Systemic risks in the EU insurance sector
On 16 December 2015 the European Systemic Risk Board (ESRB) published a report on systemic risks in the EU insurance sector.
The ESRB underlines that insurance sector plays and important role in the economy. Its assets are worth two thirds of the European Union GDP. Insurers in the euro area hold market shares of more than 10 % in the markets for long-term bank debt and home sovereign debt.
The ESRB identified the main ways in which insurers and re-insurers can be the source of systemic risks and amplify these:
- “Insurers can amplify shocks owing to their involvement in so-called non-traditional and non-insurance activities such as, for example, speculative derivative transactions.
• Certain asset allocation behaviour such as sales of assets in downturns may have a pro-cyclical impact, thus aggravating already falling prices.

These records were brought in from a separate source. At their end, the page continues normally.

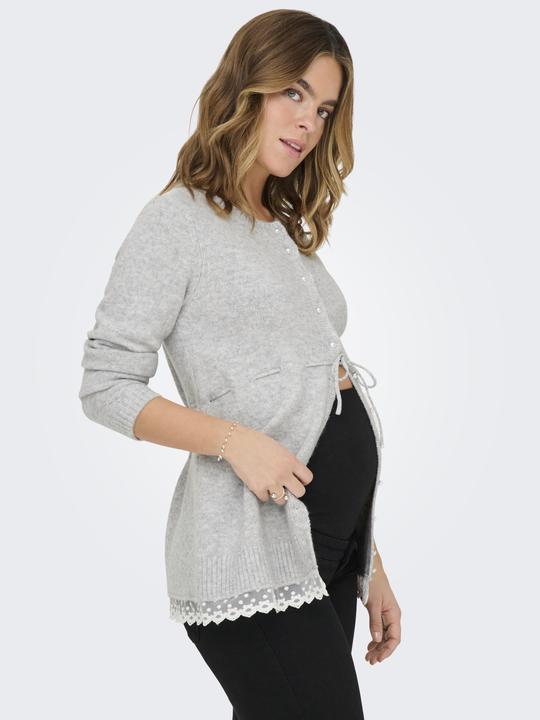 Produktbild Only Maternity OLMCHER Strickjacke Strickjacke (M)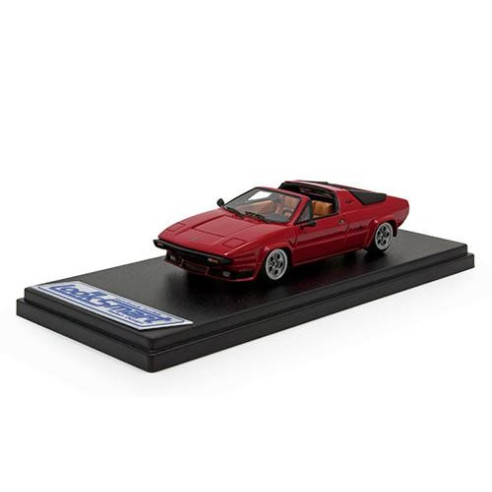 Lamborghini, Urraco 3000 Silhouette, 1/43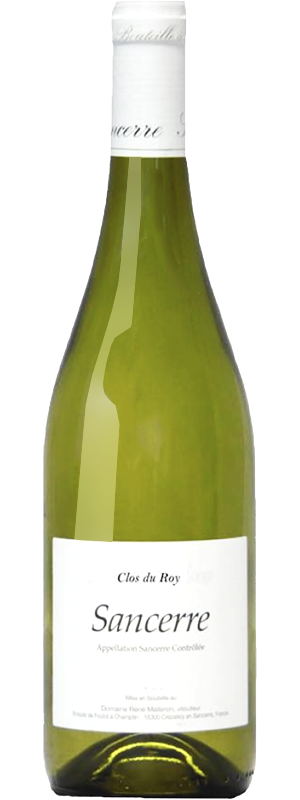 2024 RENÉ MALLERON CLOS DU ROY SANCERRE
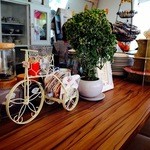 garden kuu CAFÉ - 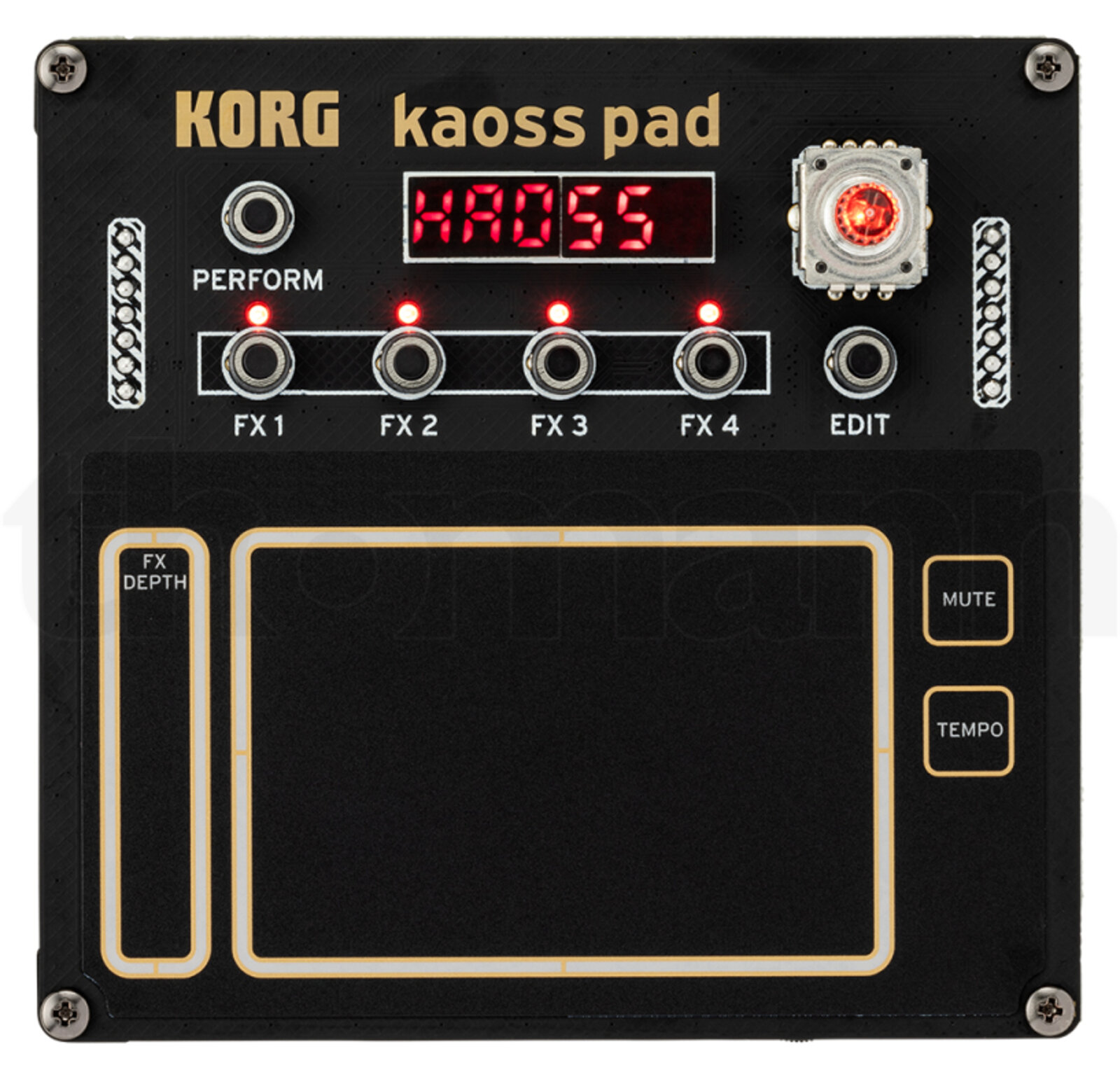 אביזר MIDI Korg Nu:Tekt NTS-3 3 אביזר MIDI Korg Nu:Tekt NTS-3 — תמונה 3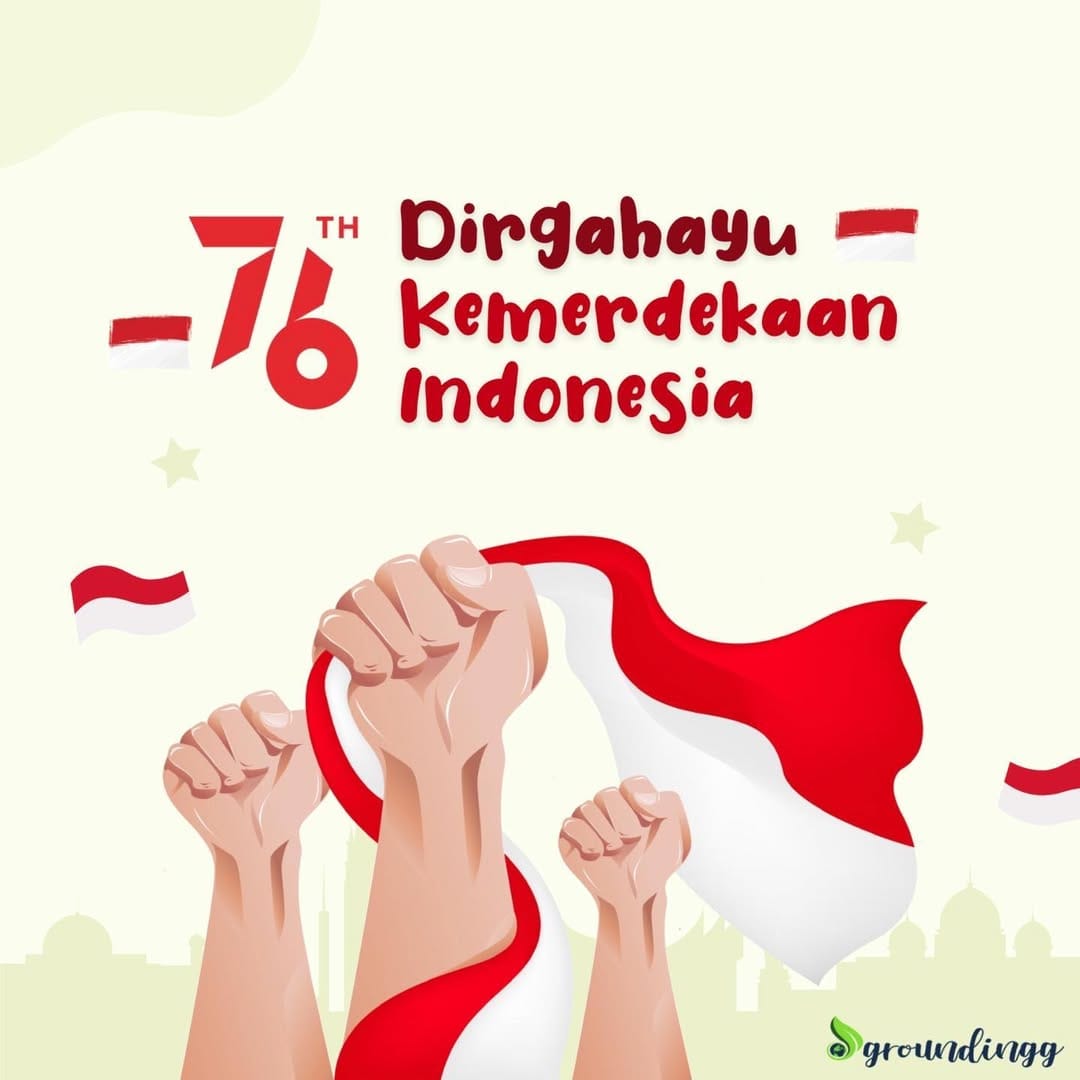 Post 3 by @dgrounding.id on Instagram (image)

- Life insurers in parts of Europe could create disruption by failing collectively under a scenario with prolonged low risk-free rates and suddenly falling asset prices (“the double hit”). Insurance guarantee schemes and recovery and resolution arrangements, currently in place at national level, are unlikely to be fit to handle such a scenario. From a shorter-term perspective, this is in fact the most imminent risk under the current economic conditions.
- Under-pricing by an insurer, if left unnoticed in microprudential supervision, could lead to a lack of substitutes in those classes of insurance that are vital to economic activity.”
The ESRB also analysed incentives in prudential regulation, in particular Solvency II. It will generally increase capital and reserving requirements. However, the ESRB puts a question whether additional tools are needed for macroprudential authorities to deal with systemic risks of the EU insurance sector.